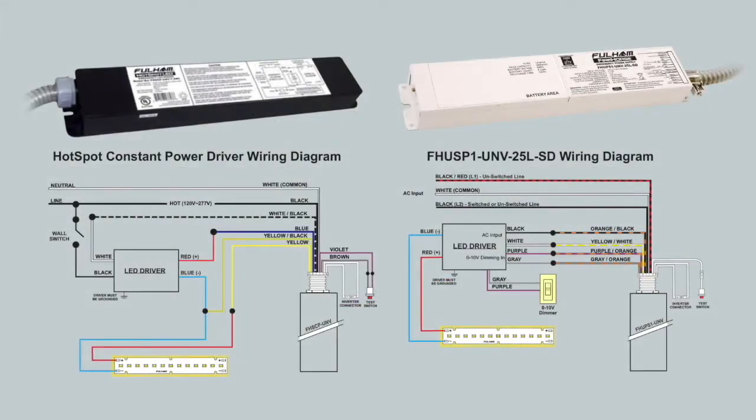The wiring for this unit differs from current emergency products we offer in that it is extremely simple and efficient to install. We will start by showing a side-by-side wiring comparison of our 25-watt inverter and one of our hotspot constant power emergency drivers.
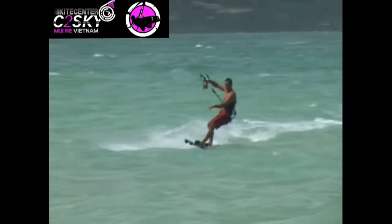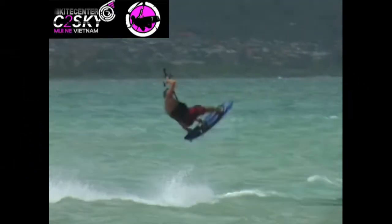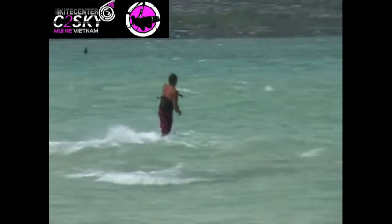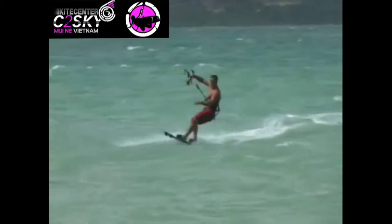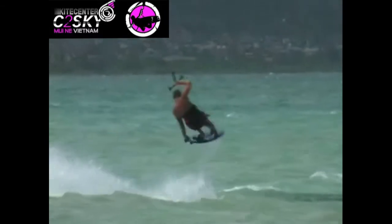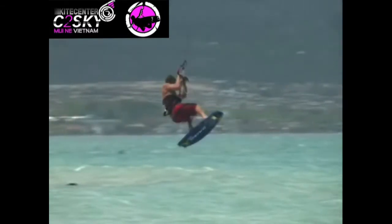To add more rotations, you need more board speed into the transition. This is a forward 900 with a slob grab. Carve your board upwind and lean forward as you take off. Let your front hand off the bar and make the grab. Rotate and lean forward into the landing to go the other way.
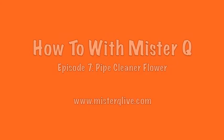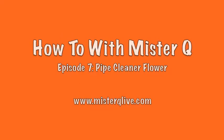How to with Mr. Q. He will show you what and how to do.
#####
Goal of the exercise:
Word for word, quote the full listing, omitting every picture.

Response box:
The wiring for this unit differs from current emergency products we offer in that it is extremely simple and efficient to install. We will start by showing a side-by-side wiring comparison of our 25-watt inverter and one of our hotspot constant power emergency drivers.
To add more rotations, you need more board speed into the transition. This is a forward 900 with a slob grab. Carve your board upwind and lean forward as you take off. Let your front hand off the bar and make the grab. Rotate and lean forward into the landing to go the other way.
How to with Mr. Q. He will show you what and how to do.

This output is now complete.